- **What to work on**
Look below for the line with "Takeuchi TL12R2 Metsä murskaimet"; begin the copy there and stop after the line with "Black MaxxAir Mini", keeping the text exact and the pictures out.

***** Given records *****

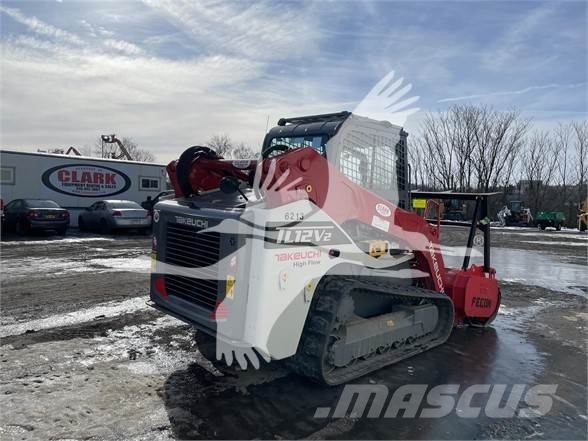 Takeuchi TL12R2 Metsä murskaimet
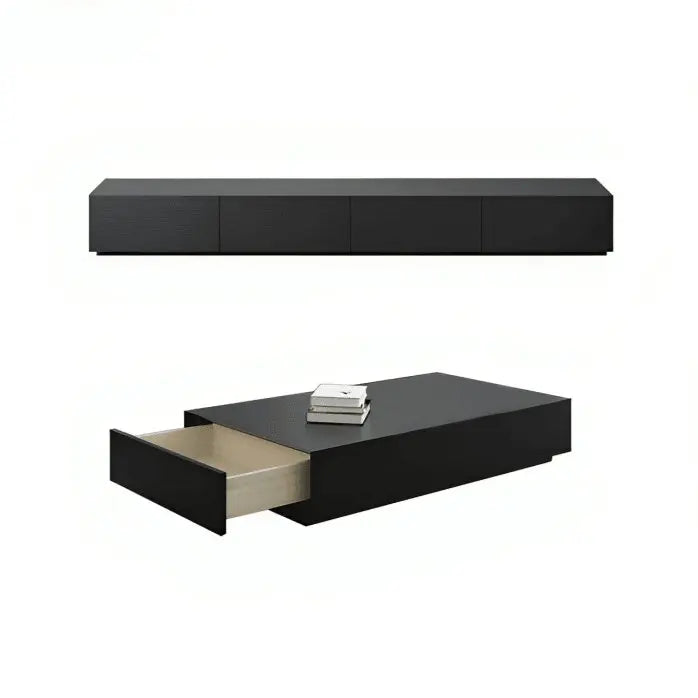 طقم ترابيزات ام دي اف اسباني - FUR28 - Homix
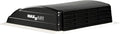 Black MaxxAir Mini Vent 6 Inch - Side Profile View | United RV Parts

*****
***** Given records *****

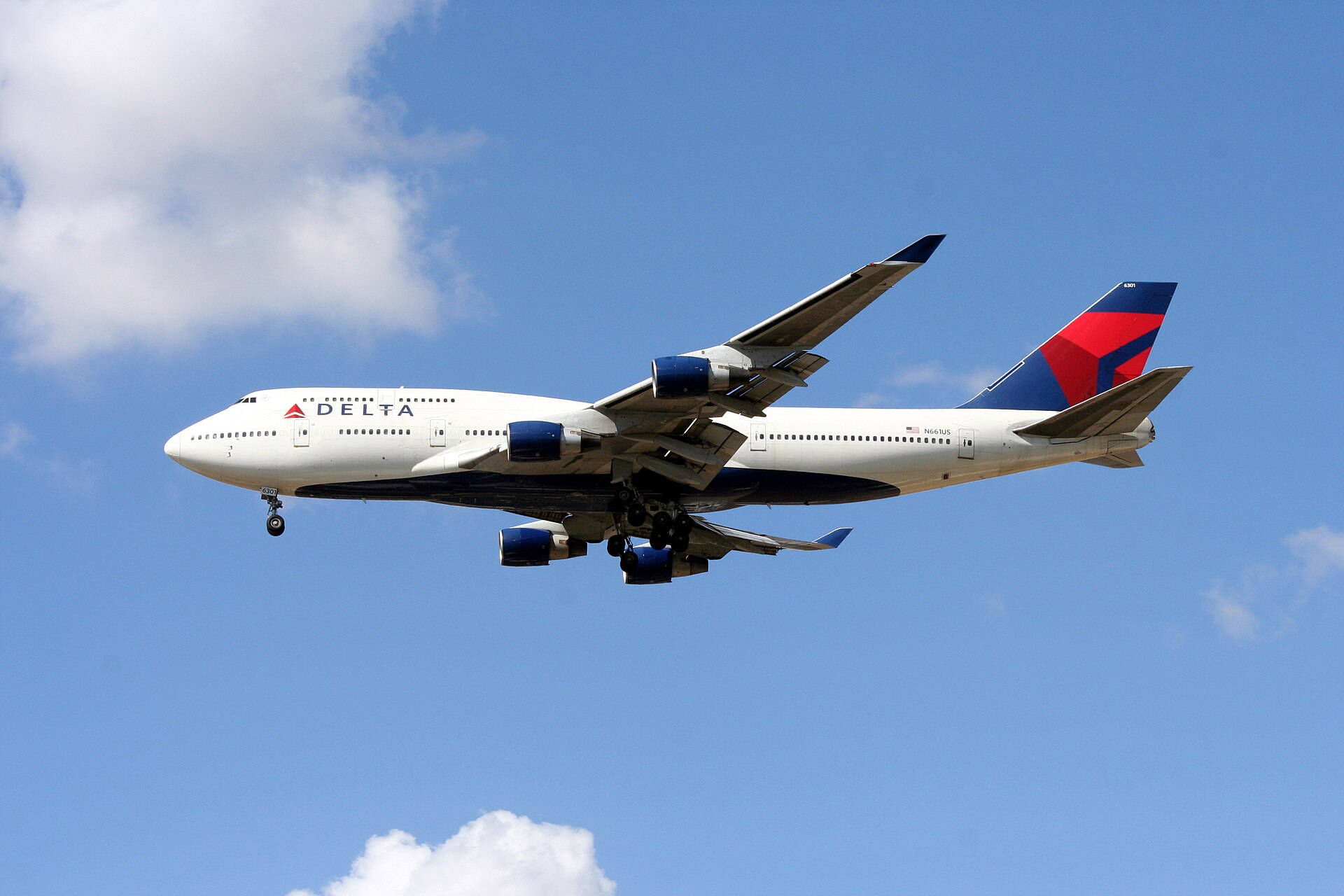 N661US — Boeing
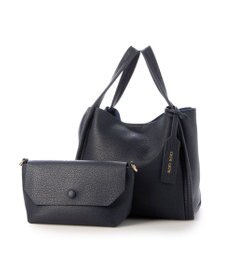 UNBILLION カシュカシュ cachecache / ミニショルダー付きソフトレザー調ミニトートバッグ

*****
***** Given records *****

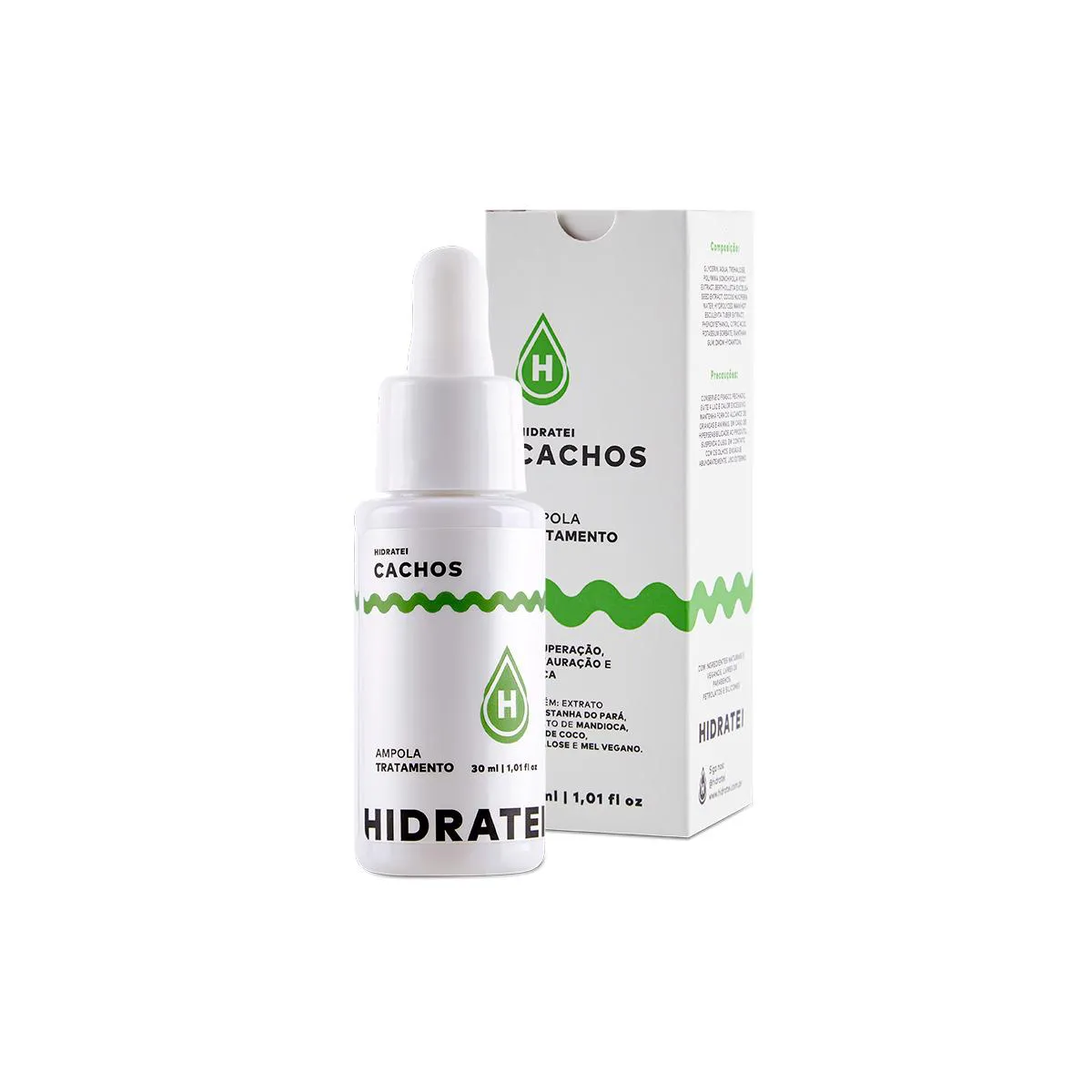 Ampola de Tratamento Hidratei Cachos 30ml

*****

- **Exercise solution**
 Takeuchi TL12R2 Metsä murskaimet
 طقم ترابيزات ام دي اف اسباني - FUR28 - Homix
 Black MaxxAir Mini Vent 6 Inch - Side Profile View | United RV Parts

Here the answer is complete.